The robot fish designed by the Korean company AIRO manoeuvre and swim almost the same as real fish. We spoke to AIRO’s president Oh Dragon about their MIRO robot fish.
Swims like a real fish
“There are many types of robots for air, land or marine use,” says Oh Dragon, “but the majority of underwater robots are mainly for industrial purposes or scientific research. We saw a business opportunity and designed the first underwater robot for commercial use. The MIRO is a bio-mimetic robot that swims like a real fish, thanks to two jointed units with dual motors. It uses four infrared distance measurement sensors to detect obstacles and can swim up, down, left or right.” According to Oh Dragon, the fish can be operated by remote control or swim in autonomous mode with more than 50 different types of swimming patterns. “With a fully charged battery, the MIRO could swim non-stop for twelve hours.”
Multiple swimming patterns
Over the last two years, AIRO has focused mainly on the Asian markets such as China, Japan and Singapore. However, other markets, such as the US, Europe and the Middle East have also shown great interest in MIRO. “We have produced culturally preferred designs, multiple swimming patterns and display techniques to provide specific products for each target market. AIRO can also change the fish’s shape and appearance to suit customer demand. We use a 3D modelling programme to produce various types of skins to mimic fish such as carp, arowana, shark, etc. Similarly, we can also print unlimited patterns on the skins to order.

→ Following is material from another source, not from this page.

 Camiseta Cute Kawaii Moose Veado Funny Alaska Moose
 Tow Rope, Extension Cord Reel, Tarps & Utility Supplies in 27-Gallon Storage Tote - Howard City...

Currently, we have pproximately 200 different standard patterns, but the options are not just limited to the outer design. One of our most popular models is the MIRO Luminous, which is equipped with several LEDs that can create multiple visual effects.”
According to Oh Dragon, the MIRO is still an on-going project. “In a sense, we are always selling a prototype because we work on improving our products every day. We’re also developing a smaller MIRO version to swim with smaller aquarium fish.” Lee Kang Jae does not believe that the MIRO will replace all live aquarium fish in the future. “We just hope to provide people with things that living fish cannot do. For example, we could provide “performances” or formation swimming by controlling the MIRO with special software. This is impossible with real fish, of course. Despite these special features, I think it will take quite a long time for bio-mimetic, lifelike dog or cat robots to be widely used by pet lovers.”